▶ **Problem requirements**
Please output the section of the listing below that opens with the line containing "Aurora Custom Loro" and closes with the line containing "Pleione Women Black", exactly and with nothing else.

▶ **Provided material**
######
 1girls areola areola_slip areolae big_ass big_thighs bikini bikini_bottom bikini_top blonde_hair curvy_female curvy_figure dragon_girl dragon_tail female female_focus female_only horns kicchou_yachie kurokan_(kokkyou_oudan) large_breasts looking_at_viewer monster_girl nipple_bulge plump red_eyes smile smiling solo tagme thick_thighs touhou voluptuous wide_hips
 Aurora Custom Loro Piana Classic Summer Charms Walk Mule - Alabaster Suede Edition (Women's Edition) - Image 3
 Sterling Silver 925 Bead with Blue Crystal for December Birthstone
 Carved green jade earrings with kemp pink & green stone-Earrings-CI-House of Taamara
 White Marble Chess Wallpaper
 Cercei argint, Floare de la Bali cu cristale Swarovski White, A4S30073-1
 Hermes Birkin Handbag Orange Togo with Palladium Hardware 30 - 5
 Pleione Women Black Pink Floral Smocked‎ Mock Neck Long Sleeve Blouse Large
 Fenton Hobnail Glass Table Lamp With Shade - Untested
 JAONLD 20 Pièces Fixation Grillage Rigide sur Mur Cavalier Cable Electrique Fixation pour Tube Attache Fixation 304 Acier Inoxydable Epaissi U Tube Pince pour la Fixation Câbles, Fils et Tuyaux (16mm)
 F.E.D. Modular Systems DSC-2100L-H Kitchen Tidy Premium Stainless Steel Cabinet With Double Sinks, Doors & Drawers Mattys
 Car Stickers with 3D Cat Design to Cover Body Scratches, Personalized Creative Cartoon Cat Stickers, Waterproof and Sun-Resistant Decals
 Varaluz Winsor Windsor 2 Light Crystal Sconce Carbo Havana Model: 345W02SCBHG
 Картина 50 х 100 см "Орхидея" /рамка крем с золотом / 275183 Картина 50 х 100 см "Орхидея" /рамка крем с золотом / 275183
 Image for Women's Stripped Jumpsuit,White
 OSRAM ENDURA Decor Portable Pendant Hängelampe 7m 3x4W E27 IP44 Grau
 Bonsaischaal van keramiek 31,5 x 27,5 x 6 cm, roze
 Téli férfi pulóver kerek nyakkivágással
######
▶ **Solved problem**
 Aurora Custom Loro Piana Classic Summer Charms Walk Mule - Alabaster Suede Edition (Women's Edition) - Image 3
 Sterling Silver 925 Bead with Blue Crystal for December Birthstone
 Carved green jade earrings with kemp pink & green stone-Earrings-CI-House of Taamara
 White Marble Chess Wallpaper
 Cercei argint, Floare de la Bali cu cristale Swarovski White, A4S30073-1
 Hermes Birkin Handbag Orange Togo with Palladium Hardware 30 - 5
 Pleione Women Black Pink Floral Smocked‎ Mock Neck Long Sleeve Blouse Large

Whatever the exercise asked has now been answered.